= Oregon Parks and Recreation Department =

Government agency

The Oregon Parks and Recreation Department (OPRD), officially known (in state law) as the State Parks and Recreation Department, is the government agency of the U.S. state of Oregon which operates its system of state parks. In addition, it has programs to protect and provide public access to natural and historic resources within the state, including the State Historic Preservation Office, Oregon Heritage Commission, Oregon Commission on Historic Cemeteries, recreation trails, the Ocean Shores Recreation Area, scenic waterways and the Willamette River Greenway. The department's chief sources of funding are the Oregon Lottery, state park user fees. and recreation vehicle license fees. The department also manages the system of rest areas along the highways and freeways within the state. In 2006 the department was delegated responsibility for managing the Oregon State Fair.

The department was created in 1921 as a branch of the Oregon Highway Department (predecessor to the present-day Oregon Department of Transportation). The 1989 Oregon Legislative Assembly transferred authority to a newly created department under its current name effective January 1, 1990.

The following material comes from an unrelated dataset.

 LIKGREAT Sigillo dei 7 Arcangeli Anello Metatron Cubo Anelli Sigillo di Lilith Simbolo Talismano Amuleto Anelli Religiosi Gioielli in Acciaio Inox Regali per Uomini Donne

In the 2019 fiscal year, Oregon state parks attracted 55 million visitors, a 1.3 percent increase from the previous fiscal year. For the 2010 fiscal year, Oregon ranked first among U.S. states in state park capacity utilization rate, indicating that Oregon's state parks were the most overused.
As of 2012, 7.5 percent of lottery revenues in Oregon were dedicated to state and local parks, leading to new park acquisitions and a reduced backlog of maintenance at existing parks. Nevertheless, Oregon ranked 30th in the nation in state park acreage per 1,000 people. At the same time, it ranked second nationally for the number of park visitors per acre, indicating that the state’s limited area of parks are intensively used.